Unser Fazit nach einer schier atemlosen Lektüre: Diese zweite, umfangreich ergänzte und aktualisierte Auflage von Prof. Harro von Sengers Standardwerk zur Supraplanung im Reich der Mitte ist der wichtigste Schlüssel zum Verstehen dessen, was in China und wichtiger noch, in der zunehmend von Peking geprägten Welt, derzeit vorgeht. Und ein Stück weit erklärt es auch die fast panisch zu nennenden (Über)reaktionen der derzeitigen US-Regierung im Umgang mit der VR China. Wird der Westen langfristig eine Chance haben gegen die Strategemgewandheit Chinas? Ohne tieferen Einblick in Moulüe darf dies mit Fug und Recht bezweifelt werden. Unsere Empfehlung für jeden halbwegs politisch und ökonomisch interessierten Zeitgenossen: Dieses Buch lesen und China entschlüsseln! Und noch ein Hinweis: Wer am 21. Januar 2019 zufällig in München weilt, sollte sich Prof. von Sengers dortigen Vortrag zum Thema ‚Sinomarxismus‘ nicht entgehen lassen…

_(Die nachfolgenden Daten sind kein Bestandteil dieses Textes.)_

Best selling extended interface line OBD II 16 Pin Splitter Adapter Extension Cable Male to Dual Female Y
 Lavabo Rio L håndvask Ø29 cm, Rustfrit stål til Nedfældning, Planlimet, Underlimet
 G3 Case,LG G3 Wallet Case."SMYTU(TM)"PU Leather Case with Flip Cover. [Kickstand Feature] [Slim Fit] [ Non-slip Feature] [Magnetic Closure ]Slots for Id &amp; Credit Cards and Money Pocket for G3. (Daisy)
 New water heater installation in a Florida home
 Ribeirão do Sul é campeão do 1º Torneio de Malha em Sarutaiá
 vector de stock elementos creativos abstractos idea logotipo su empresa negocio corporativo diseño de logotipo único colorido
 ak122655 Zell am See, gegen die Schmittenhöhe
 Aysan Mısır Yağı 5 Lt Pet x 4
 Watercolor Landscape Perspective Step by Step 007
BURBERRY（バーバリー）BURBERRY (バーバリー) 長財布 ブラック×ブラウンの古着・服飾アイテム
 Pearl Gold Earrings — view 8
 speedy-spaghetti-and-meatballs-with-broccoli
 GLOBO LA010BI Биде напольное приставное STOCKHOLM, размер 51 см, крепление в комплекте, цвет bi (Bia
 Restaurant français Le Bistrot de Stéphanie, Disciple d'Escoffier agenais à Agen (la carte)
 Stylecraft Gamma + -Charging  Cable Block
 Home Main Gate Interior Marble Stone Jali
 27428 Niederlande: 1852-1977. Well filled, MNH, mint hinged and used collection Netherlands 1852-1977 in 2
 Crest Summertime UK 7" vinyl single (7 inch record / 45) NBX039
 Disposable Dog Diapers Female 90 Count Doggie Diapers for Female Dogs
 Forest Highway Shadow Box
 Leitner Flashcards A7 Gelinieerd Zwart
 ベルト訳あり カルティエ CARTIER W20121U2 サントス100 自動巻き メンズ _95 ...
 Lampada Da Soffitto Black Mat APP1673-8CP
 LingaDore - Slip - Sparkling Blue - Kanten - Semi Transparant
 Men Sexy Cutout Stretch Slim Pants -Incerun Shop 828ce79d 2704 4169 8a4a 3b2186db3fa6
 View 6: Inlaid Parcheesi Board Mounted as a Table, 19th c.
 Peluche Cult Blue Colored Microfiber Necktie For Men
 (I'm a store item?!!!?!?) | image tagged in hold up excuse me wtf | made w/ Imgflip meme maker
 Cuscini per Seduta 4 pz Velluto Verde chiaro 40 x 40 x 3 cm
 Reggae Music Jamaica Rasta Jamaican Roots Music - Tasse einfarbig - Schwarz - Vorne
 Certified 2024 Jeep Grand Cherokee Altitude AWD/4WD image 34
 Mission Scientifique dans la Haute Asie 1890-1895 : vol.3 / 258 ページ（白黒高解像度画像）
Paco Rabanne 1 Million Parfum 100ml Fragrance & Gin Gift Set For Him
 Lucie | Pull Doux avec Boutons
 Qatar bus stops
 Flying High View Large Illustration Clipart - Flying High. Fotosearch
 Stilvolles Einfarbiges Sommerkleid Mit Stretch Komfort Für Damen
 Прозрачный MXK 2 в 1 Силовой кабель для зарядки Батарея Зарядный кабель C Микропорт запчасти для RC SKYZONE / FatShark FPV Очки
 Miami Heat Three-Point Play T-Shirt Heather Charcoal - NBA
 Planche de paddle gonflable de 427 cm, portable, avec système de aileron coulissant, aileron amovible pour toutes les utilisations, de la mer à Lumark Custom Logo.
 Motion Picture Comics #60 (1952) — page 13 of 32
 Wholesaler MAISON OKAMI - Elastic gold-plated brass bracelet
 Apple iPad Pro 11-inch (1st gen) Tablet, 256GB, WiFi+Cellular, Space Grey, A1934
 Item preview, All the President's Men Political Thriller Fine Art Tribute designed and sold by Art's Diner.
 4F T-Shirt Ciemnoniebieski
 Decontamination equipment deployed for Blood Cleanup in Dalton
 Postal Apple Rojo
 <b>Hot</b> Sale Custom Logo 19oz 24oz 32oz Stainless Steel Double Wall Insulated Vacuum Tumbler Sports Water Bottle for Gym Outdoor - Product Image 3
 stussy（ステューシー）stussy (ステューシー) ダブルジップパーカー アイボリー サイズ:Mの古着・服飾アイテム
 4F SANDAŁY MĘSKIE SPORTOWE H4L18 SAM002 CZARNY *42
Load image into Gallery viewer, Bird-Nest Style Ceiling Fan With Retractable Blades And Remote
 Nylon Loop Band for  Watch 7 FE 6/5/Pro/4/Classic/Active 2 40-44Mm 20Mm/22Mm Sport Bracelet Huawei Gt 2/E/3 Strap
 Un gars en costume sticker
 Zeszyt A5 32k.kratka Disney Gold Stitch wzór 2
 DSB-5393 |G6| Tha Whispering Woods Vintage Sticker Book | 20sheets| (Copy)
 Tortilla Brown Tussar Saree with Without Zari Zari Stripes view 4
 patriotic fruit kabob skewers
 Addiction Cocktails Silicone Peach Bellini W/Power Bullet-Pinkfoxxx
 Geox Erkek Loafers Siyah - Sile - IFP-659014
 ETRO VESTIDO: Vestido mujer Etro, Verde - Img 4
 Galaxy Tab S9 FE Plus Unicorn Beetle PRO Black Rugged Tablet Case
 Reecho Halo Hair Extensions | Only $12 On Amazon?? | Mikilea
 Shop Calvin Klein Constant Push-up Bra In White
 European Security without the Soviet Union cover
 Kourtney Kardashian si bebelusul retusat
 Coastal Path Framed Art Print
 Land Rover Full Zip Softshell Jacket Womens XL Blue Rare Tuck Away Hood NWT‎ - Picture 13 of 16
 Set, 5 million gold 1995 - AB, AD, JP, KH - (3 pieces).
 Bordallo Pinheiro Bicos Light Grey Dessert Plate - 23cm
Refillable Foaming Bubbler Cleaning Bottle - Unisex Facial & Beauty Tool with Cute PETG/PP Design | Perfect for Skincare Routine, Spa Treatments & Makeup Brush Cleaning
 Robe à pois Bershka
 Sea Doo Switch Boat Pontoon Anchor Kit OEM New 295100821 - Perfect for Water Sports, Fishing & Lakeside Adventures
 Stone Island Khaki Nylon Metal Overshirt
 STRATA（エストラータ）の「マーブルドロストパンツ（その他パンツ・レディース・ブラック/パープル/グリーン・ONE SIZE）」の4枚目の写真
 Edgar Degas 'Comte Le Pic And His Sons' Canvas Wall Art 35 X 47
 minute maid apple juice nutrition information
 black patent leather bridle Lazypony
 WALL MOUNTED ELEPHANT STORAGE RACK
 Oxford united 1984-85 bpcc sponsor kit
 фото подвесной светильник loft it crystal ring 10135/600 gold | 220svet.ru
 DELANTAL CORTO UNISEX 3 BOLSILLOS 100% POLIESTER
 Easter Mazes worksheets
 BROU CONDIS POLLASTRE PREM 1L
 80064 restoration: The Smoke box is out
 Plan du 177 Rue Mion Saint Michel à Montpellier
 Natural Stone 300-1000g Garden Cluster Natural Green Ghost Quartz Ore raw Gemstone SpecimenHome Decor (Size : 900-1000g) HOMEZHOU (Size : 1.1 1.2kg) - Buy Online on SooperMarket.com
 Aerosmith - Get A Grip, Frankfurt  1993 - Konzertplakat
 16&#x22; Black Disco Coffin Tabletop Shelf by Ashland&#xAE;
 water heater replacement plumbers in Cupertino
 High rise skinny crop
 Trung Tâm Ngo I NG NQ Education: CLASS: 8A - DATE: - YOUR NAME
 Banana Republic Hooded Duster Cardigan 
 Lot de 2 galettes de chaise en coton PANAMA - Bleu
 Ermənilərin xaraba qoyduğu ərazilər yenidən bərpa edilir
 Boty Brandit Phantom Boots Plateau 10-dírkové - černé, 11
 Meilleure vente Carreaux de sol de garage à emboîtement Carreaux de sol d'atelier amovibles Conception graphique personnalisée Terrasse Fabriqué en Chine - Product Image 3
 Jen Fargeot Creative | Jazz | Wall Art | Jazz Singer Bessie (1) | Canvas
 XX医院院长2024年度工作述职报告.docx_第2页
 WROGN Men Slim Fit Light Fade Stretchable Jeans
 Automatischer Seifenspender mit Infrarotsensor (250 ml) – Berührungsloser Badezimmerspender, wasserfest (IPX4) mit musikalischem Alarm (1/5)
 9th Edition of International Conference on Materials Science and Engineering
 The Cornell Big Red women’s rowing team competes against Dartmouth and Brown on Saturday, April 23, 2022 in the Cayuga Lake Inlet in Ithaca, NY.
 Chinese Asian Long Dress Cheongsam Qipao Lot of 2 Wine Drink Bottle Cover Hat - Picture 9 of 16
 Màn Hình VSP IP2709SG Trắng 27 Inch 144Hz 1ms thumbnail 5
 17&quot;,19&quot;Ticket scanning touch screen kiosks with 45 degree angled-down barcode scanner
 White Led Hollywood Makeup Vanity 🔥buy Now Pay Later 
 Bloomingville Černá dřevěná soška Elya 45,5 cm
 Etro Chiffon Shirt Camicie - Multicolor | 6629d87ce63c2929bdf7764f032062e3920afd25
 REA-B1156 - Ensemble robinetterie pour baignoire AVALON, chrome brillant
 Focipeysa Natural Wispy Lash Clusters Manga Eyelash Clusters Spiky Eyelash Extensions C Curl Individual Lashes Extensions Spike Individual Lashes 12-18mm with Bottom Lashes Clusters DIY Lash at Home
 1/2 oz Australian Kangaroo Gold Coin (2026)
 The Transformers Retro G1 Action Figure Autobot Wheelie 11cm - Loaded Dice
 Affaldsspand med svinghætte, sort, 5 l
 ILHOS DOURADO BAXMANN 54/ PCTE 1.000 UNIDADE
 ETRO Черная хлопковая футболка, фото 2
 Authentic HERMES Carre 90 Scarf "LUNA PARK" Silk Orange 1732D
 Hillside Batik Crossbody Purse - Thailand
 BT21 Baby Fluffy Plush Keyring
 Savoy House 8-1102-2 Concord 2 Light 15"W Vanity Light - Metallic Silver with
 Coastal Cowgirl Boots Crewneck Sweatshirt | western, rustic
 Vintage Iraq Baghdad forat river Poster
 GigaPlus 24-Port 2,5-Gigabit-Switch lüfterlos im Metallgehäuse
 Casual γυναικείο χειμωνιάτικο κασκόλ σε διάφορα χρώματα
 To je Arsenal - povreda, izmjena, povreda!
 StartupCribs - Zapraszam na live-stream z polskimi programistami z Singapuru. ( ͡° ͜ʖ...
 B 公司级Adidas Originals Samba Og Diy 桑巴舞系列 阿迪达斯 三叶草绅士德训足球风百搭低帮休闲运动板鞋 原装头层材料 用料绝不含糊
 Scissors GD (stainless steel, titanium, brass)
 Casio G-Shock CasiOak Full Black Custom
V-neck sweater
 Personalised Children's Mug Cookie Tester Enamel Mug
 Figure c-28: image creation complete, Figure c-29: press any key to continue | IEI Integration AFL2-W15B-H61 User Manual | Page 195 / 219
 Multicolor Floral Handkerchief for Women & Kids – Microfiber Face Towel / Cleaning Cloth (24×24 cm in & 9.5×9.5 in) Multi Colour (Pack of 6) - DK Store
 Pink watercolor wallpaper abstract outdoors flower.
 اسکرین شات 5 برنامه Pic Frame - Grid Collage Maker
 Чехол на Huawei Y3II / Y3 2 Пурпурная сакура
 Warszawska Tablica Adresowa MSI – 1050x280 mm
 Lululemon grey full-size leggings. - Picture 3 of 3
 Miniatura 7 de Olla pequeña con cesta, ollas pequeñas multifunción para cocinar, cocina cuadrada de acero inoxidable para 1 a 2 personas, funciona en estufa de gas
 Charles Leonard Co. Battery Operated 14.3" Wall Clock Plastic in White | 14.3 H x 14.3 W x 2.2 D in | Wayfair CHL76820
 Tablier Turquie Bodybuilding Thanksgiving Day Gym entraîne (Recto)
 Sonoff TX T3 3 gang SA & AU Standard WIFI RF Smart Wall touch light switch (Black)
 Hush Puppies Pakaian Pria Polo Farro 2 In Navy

Harro von Senger: Moulüe – Supraplanung Unerkannte Denkhorizonte aus dem Reich der Mitte; 2., überarbeitete Auflage, erschienen im Hanser Verlag, München 2018; Print-ISBN: 978-3-446-45525-2

Das Rezensionsexemplar wurde uns freundlicherweise vom Hanser Verlag zur Verfügung gestellt.